Oui, j’ai une voix un peu particulière. J’écris des chansons, la musique, le rythme, mais si tu me mets dans un karaoké je n’arrive pas à faire toutes les notes !

Auriez-vous rêvé d’une autre carrière ?

Petit, je voulais être curé pour les costumes. J’étais dans une école catholique avec des frères en soutane sympas qui jouaient au foot comme Don Camillo. Après, je suis tombé amoureux et j’ai laissé tomber.
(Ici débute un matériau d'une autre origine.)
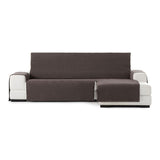 Cubre Chaise Longue Impermeable Iguazu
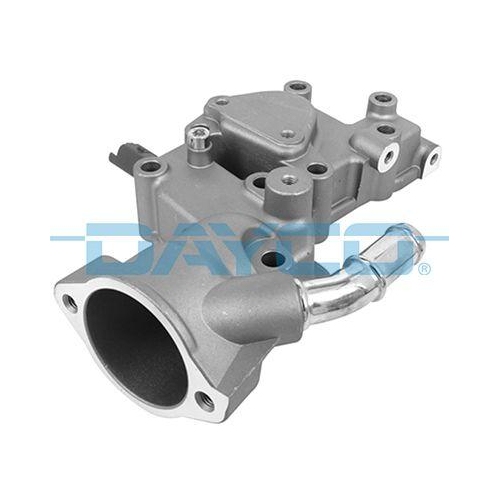 DAYCO Thermostat, K&uuml;hlmittel DT1260F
J’ai ensuite fait des études d’instit’ mais j’ai arrêté juste avant mon diplôme car j’aurais eu un problème avec les autorités académiques avec lesquelles je n’étais pas d’accord.

Vos parents étaient boulangers.

Oui et mon père m’a toujours dit ne pas faire ce métier, un boulot incroyable qui demande de se lever à des heures impossibles. Il voulait que je sois avocat, médecin... Quand j’ai été nommé à l’Etat, il était super content parce que c’était un vrai travail.

Quelles valeurs vous ont transmis vos parents ?

Le travail et une certaine notion de l’argent, de la réalité. Comme ils travaillaient en permanence, ils n’avaient pas le temps d’avoir des idées folles. Si tu me donnes 1 million d’euros, c’est très gentil, je vais le mettre sur mon compte mais je ne vois pas ce que j’en ferai ! Et c’est d’ailleurs difficile de me faire un cadeau car si je ne l’ai pas c’est parce que je n’en ai pas envie ou besoin. Ma voiture, par exemple, est pareille à la précédente et à celle d’avant, sauf la couleur !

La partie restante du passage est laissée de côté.